2.2    Tegen de vaststaande feiten en de klachtomschrijving komt klager in verzet niet op. 

3    FEITEN EN KLACHT
3.1    Voor de vaststaande feiten en de omschrijving van de klacht verwijst de raad naar de beslissing van de voorzitter. 

4    BEOORDELING
4.1    Voordat de raad de klacht inhoudelijk kan beoordelen moet sprake zijn van een gegrond verzet. Een verzet is alleen gegrond als in redelijkheid moet worden betwijfeld of de beslissing van de voorzitter juist is. Twijfel kan bijvoorbeeld bestaan als de voorzitter een verkeerde maatstaf (toetsingsnorm) heeft toegepast of de beslissing heeft gebaseerd op onjuiste of onvolledige feiten.
4.2    De raad is van oordeel dat de door klager aangevoerde verzetgronden niet slagen; de voorzitter heeft bij de beoordeling de juiste maatstaf toegepast en heeft rekening gehouden met alle relevante feiten en omstandigheden van het geval.
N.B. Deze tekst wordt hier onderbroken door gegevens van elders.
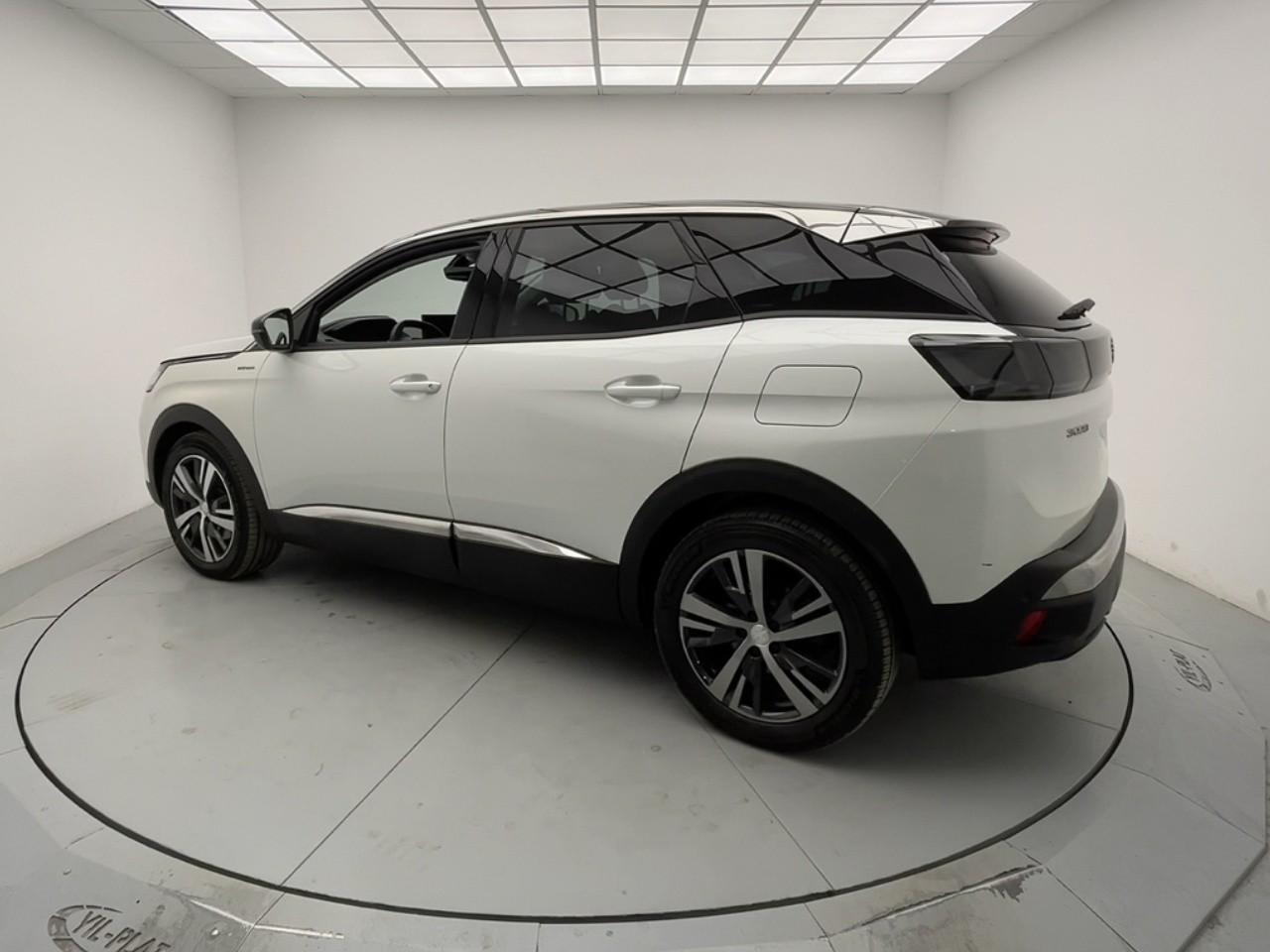 Peugeot 3008 hybrid 225 e-eat8 allure pack — photo 3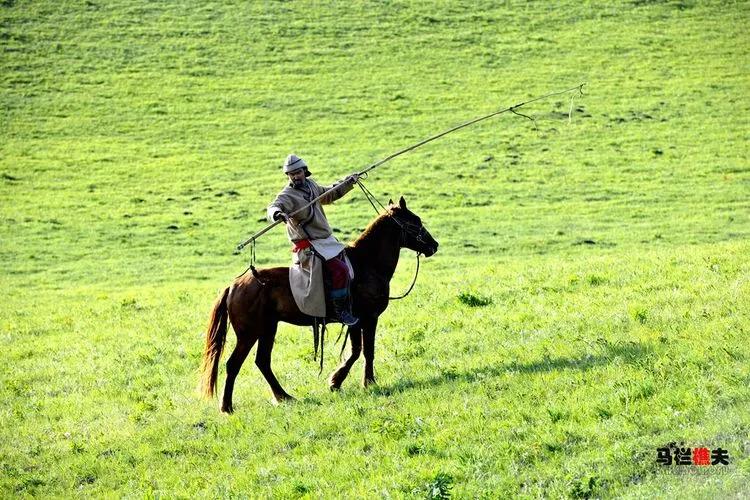 布里亚特牧民骑马摄影作品,草原蒙古族服饰摄影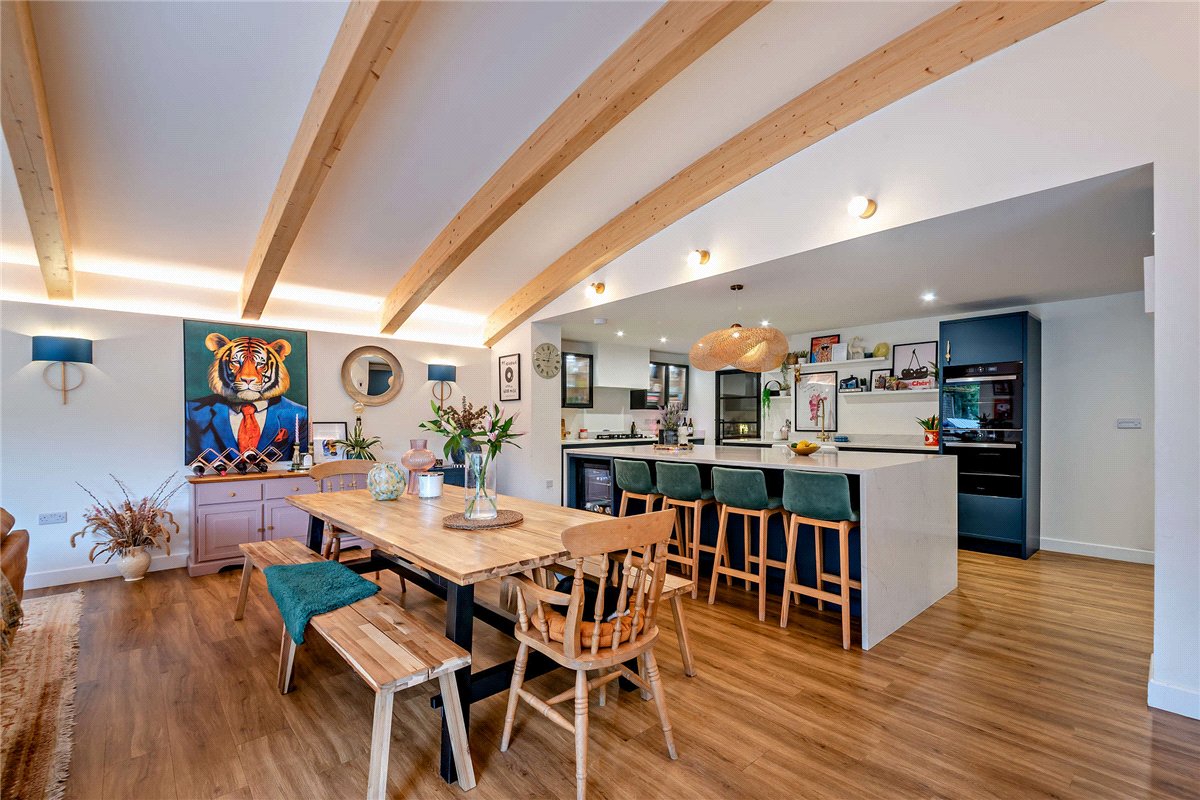 5 bedroom House, Kendrick Road, Newbury, RG14 - Available, Image 3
De voorzitter heeft de klacht dus terecht en op juiste gronden deels niet-ontvankelijk en deels kennelijk ongegrond bevonden. 
4.3    Omdat het verzet tegen de beslissing van de voorzitter ook verder geen nieuwe gezichtspunten oplevert, is er geen plaats voor nader onderzoek naar de klacht. De raad zal het verzet daarom ongegrond verklaren. 

BESLISSING
De raad van discipline verklaart het verzet ongegrond.

Aldus beslist door mr. H.C.A. de Groot, voorzitter, mrs. D.G.M. van den Hoogen, A.B. Baumgarten, J.G. Colombijn en M.P. de Klerk, leden, bijgestaan door mr. M.M.C. van der Sanden als griffier en uitgesproken ter openbare zitting van 18 december 2023.